性による「子どもの価値」の差

30年ほど前から「女の子」人気が止まりません。特に母親たちの間では、断然人気です。この記事では、なぜいま「女の子」人気が高まっているのか、その理由を「子どもの価値」という視点から考えてみたいと思います。

これまでの記事で、日本ではここ数十年間で、子どもが「授かる」ものから「つくる」ものへ変化したこと(詳しくはコチラ「子どもの価値」(1))、また、子どもを産む理由が<自然・当然・社会のため>から<条件次第・自分のため>に変わってきたこと(詳しくはコチラ「子どもの価値」(2))を見てきました。「女の子」の人気が高まっているのは、上記のように「子どもの価値」が変化したことと関係しています。

工業化以前の社会では、圧倒的に「男の子」が人気

一口に「子ども」といっても、男児か女児かによって価値の差があります。
子どもにどのようなことを期待できるか、その内容が異なるからです。
工業化以前の社会や開発途上国では、「子ども」は働き手・稼ぎ手としての価値(実用的経済的価値)をもっています。
こうした社会では労働といえばほとんど肉体労働ですから、筋力に勝る男児は女児よりずっと価値が高まります。しかも、家業を継ぎ、親の老後を見るのは男子である場合が多いので、その点からも男児の価値が高いのです。
日本でもその昔、娘ばかりをもった親の嘆きは大きく、娘だけ産む母親への「女腹」という軽蔑語さえありました。

筆者には双子の男児がいます。その彼ら二人を双子用ベビーカーに乗せて散歩をしていた時、かなりご高齢のご婦人が近づいてきて、「あら、お二人とも男の子!まぁ、お手柄ですこと」とほめられたことがあります。
そのご婦人の「お手柄」なるほめ言葉(?)に、「いえいえ、たまたま生まれてきたのが男の子だったというだけの話なんだけど~」と内心突っ込みつつ、この方が子どもを産んだ時代は、男の子(=跡継ぎ)を産めるか産めないかは“女の戦い”でもあったのだなぁと複雑な気持ちにさせられたのを覚えています。

「一人っ子政策」をとっていた中国では第一子が女児だと届けを出さず『無国籍児』にしたり、密かに闇にケースが少なくなかったと聞きます。このため、現在、中国の男女比率は男性に大きく偏ってしまい(男:女=105.06 : 100)、男性の結婚難が深刻化しています。

先進諸国では「女の子」の人気上昇

これに対して、労働の機械化・情報化が進んだ社会では、知識技能レベルが同じなら労働力としての価値に男女差はありません。
親の扶養責任や遺産の相続も性別や出生順位による差はなくなり、戦前は長男の義務とされていた老後の介護もまったく期待できなくなりました。すると、かつてあんなに高かった男児の価値は低下し、女児の価値がこの30年あまりの間に急激に高まりつつあります。

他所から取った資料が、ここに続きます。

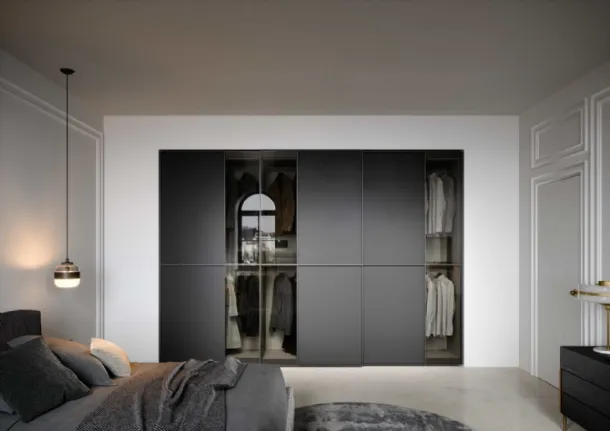 Layer sliding wardrobe by Novamobili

図1は、これから子どもを産む世代を対象に、「男の子」と「女の子」どちらが産まれるといいと思いますかと尋ねた調査(厚生省)の結果です。 この図からも明らかにように、男児願望が強い時代が長らくつづいていました。ところが、1980年代を境に「女の子」が歴史的大逆転を果たしました。

なぜいま女児願望?

では、なぜ親にとって「女の子」のほうがより価値をもつのでしょうか?
次のような理由が考えられます。


女の子がほうがより多くの精神的満足が得られる

先にみたように、最近は親は子どもに「精神的価値」を求めるようになってきています。
この点で、特に母親の場合は、娘の方が小さい頃はオシャレをさせたりできて“可愛い”、娘が年頃になったら一緒に買い物や旅行に行ったりできて“楽しい”、話相手になってもらえて“頼りになる”などなど、より高い価値を「女の子」に見出す傾向が強まっています。

女の子のほうが、親が投入しなければならない心身のエネルギーが少なくてすむ

一般に「男の子」の方が“育てにくい”といわれています。“育てにくさ”は主観的なものですが、統計的には男の子のほうが、身体的・心理的な疾患にかかる確率が高いことが明らかにされています。ならば“育てやすい”といわれている女の子のほうがと思ってしまうのでしょう。

女の子のほうが、親が投入しなければならない経済資源が少なくて済む

最近、大学進学率の男女差が縮まってきていますが、それでもまだ大きな差があります(男子51.5%:女子47.4%, 2015)。この差は能力差とは考えられないので、本人の希望にかかわらず、親が男の子に「せめて大学まで」と希望した結果と考えられます。つまり、男の子の方が教育投資は大きくなりがちです。


女の子のほうが、老後の介護・世話役割を頼みやすい

親は子どもに老後の“経済的な支援”は期待できなくなりました。しかし、それでも、心のどこかで歳をとったら介護をしてほしい、介護が無理ならせめて“精神的な支え”になってほしいと願います。いざ介護となれば家事ができる女の子のほうがあてになる、また“精神的支え”にもなってもらいやすい、そう考える親は決して少なくないでしょう。

以上、4つの理由を見てきましたが、一言でいえば、親、特に母親からみて「女の子」のほうがワリに合うと考えられている、その結果の「女の子」願望であるようです。